XSPECtor

Thursday, August 08, 2013

XSPEC v12.8.1 released as part of HEAsoft 6.14

The latest release of XSPEC is now available from the usual place. The release notes are as follows :

New features:

- New models:
     cpflux  - a variant of cflux for photon flux.
     heilin  - Voigt absorption profiles for the HeI series
     lyman   - Voigt absorption profiles for the HI or HeII series
     zbabs   - EUV ISM attenuation

- A new statistic, pgstat, has been added for the case of Poisson-distributed
  data
  with a Gaussian-distributed background. The whittle statistic can
  now be used when fitting averaged power density functions by
  appending an integer (so eg whittle5 is the statistic to use when
  fitting a pdf constructed by averaging those from 5 observations).

- The old CERN Minuit library, which is used for the migrad, minim, monte,
  and simplex fitting methods and the improve command, has been
  replaced by the new version. The minim and monte methods are no
  longer supported and the new version does not include an improve command.
  The output from the migrad and simplex fitting methods now looks the
  same as that from the leven method. Note however that the rules for
  when to write intermediate fit results are not directly comparable
  so do not provide a measure of the relative speed of the methods.

- Fakeit now has a 'nowrite' option to generate fake spectra without
  producing output files.  This is also now available in the
  multifake.tcl script command.

- Parallel processing capability has been added to the steppar command
  and can be invoked using the parallel command.

- Markov Chain Monte Carlo (the chain command) now uses the
  Goodman-Weare algorithm by default. Previously the default was
  Metropolis-Hastings.

- After a chain run, the best-fit parameters and statistic are now
  displayed with "chain info", and are available through the "tclout
  chain" option.

- The default atom_db version used in apec models may now be modified
  with the ATOMDB_VERSION keyword in the user's Xspec.init file.

- Steppar now has a 'delta' option for performing grids centered on
  the best-fit parameters.

- The 'setplot delete' option has been enhanced to allow removal of all
  or a range of commands.

- For external programs calling XSPEC, new wrapper functions have been
  added for retrieving XFLT keywords from data files.

- Norm parameters are now set with a default 'soft' upper limit below
  their 'hard' upper limit.

- In PyXspec, the Fit.statMethod and statTest attributes can now be set
  for individual spectra.

Enhancements previously released as patches to 12.8.0:

- AtomDB has been upgraded to version 2.0.2.

- The tclout 'stat' and 'statmethod' options can now retrieve the test
  statistic as well as the fit statistic.

- The simftest Tcl script command now takes an optional filename
  argument for output.

- Attributes added to PyXspec classes: Xset.parallel, Fit.statTest.

All bug fixes to v12.8.0 released as patches are included in v12.8.1.
In addition the following problems have been corrected:

- The command history file xspec.hty (in the user's ~/.xspec directory)
  is now updated when exiting XSPEC with the 'quit' command.  Previously
  it was only updated when exiting with 'exit'.

- The 'chain' command can now read/write files in ASCII format when
  running in the default Goodman-Weare mode.  Previously this feature
  was only available for Metropolis-Hastings chains.

- Fix to an array access error in the nthcomp model.

- PyXspec fix removes error messages generated when accessing response
  parameters in Python versions 2.6.x.

Friday, March 22, 2013

XSPEC bug patches 12.8.0e-j

We have made available a number of XSPEC bug patches/enhancements over the last couple of months and these are summarized below.
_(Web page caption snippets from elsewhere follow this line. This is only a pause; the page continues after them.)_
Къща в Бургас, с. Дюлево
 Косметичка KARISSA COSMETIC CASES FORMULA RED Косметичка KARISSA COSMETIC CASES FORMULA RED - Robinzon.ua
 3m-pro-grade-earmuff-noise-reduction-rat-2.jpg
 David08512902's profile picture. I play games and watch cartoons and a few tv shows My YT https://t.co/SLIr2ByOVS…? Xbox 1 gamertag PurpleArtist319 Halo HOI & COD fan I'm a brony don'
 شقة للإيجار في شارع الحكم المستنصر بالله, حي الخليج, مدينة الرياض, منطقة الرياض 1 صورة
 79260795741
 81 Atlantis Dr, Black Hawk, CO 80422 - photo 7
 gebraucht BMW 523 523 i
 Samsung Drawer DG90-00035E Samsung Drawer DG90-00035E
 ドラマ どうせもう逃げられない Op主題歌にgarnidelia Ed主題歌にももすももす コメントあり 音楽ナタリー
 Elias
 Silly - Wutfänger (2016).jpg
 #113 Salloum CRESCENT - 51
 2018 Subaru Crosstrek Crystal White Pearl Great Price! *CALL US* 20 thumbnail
They can be downloaded from the usual site.

12.8.0e	This adds a couple of new features for PyXspec: interfaces for the parallel and statistic test commands which were introduced in standard XSPEC 12.8.0. The parallel get/set options are accessed through PyXspec's Xset.parallel object, ie: Xset.parallel.leven = 4 # Set parallel processes for Lev-Marq fitting. Xset.parallel.error = 2 # Set parallel processes for error command. Xset.parallel.reset() # Restore single-process mode for all contexts The statistic test command option is accessed in PyXspec through the new Fit.statTest attribute: Fit.statTest = "ad" Fit.statTest = "chi"
12.8.0f	An array access error in the plot goodness command can cause a crash in some cases. Our thanks to Stefano Bianchi for pointing this out.
12.8.0g	Improvements made for running the Goodman-Weare algorithm in the chain command. It now writes keywords CHAINTYP and NWALKERS to the output chain file to distinguish it from those run with the Metropolis-Hastings algorithm. It also fixes bugs that prevented both appending to and re-loading pre-existing Goodman-Weare chain files. Our thanks to Giacomo Vianello for bringing this to our attention.
12.8.0h	When the lrt Tcl command script is run with multiple spectra and background files loaded, the first spectrum is wrongly assigned the background file of the last spectrum. Our thanks to Ed Kellogg for pointing this out.
12.8.0i	This updates the AtomDB to version 2.0.2 (used by the apec models). It also fixes a bug in the identify command, which was preventing the changing of the AtomDB version by way of the APECROOT variable setting.
12.8.0j	This adds a new test option to the tclout statistic and tclout statmethod commands: tclout statistic test tclout statmethod test These will output the current test statistic value and test method respectively. If the 2nd tclout argument is missing or is fit, these will output the fit statistic and fit method (as before).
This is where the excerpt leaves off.